Feu l’enfance

   

 

  Aujourd’hui, les parents ont de moins en moins de problèmes avec leurs enfants. Ils ont des problèmes avec la société qui possède leurs enfants. Des enfants qui sont des haut-parleurs et des porte-parole de cette société. Chaque fois qu’une dispute éclate au sein d’une famille, on observe cette scène curieuse : des vieux moines fatigués essayent de tenir tête à des démons opiniâtres. Une atmosphère de guérilla, de terrorisme domestique et d’antique combat missionnaire envahit la cuisine, la salle-à-manger, la chambre et jusqu’aux espaces publics sur lesquels flottent un étendard qu’il n’est pas difficile de déchiffrer. Car en général ces vieux moines ne tiennent pas longtemps ; les démons l’emportent d’une façon ou d’une autre, parce qu’ils sont légion.
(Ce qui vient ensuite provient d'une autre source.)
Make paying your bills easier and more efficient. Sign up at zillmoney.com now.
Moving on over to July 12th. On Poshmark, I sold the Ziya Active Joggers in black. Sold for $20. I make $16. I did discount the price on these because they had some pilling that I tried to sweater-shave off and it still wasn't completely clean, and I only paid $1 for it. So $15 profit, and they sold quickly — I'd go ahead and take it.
  Alors que les enfants étaient autrefois, en théorie et en intention, mis à l’écart de l’agitation sociale, protégés des aléas historiques, politiques et idéologiques durant leur éducation, ils font désormais office de pylônes émetteurs des dernières modes et des dernières consignes collectives. Ils les suivent, les vantent, les diffusent, les imposent. Ce sont des agents plénipotentiaires en exercice. Mais les parents ne sont pas de simple victimes. Ce sont les mêmes adultes qui ont accepté que leur progéniture soient les cœurs de cible du marketing et les antennes de relais de la propagande publicitaire ; ils ont toléré passivement l’intolérable et ils ont tiré profit de leur démission. En conséquence de quoi, il est illégitime que nous accusions les enfants de faire pénétrer dans nos demeures les merveilleuses aberrations contemporaines.  

   Nous sommes les Abraham stupides de ce temps. Nous avons sacrifié nos Isaac sur l’autel du marché et du divertissement. Comme nous adorons de faux dieux, nul ange n’est venu substituer de bélier sous le couteau de notre bêtise. 

Mais direz-vous, à quoi servaient l’école, l’éducation, l’enseignement ? Ils servaient à relier les enfants au savoir universel intangible ; par l’apprentissage de la langue, de la réflexion et des sciences, la petite éternité de l’enfance se connectait à la petite éternité de la civilisation humaine. Les enfants étaient d’abord soustraits au monde afin de pouvoir y entrer ensuite, et seulement ensuite, armés de quelque chose de plus que le monde. Que fait l’école actuelle ? Elle les relie directement à des connaissances sans cesse mouvantes, relatives, éphémères, fragmentées, et par-dessus tout soumises à l’impératif commercial. Elle les branche et les ouvre à ce monde agité de violentes secousses et de soubresauts hideux ; elle les jette dans tous les pièges et dans tous les caprices de l’époque.

En quelques années, les enfants sont devenus les plus mondains des hommesC’est pourquoi nous n’avons plus de problèmes avec eux. A strictement parler, il n’y a plus d’enfance et il n’y a plus d’enfants. Ils ont disparu corps et biens.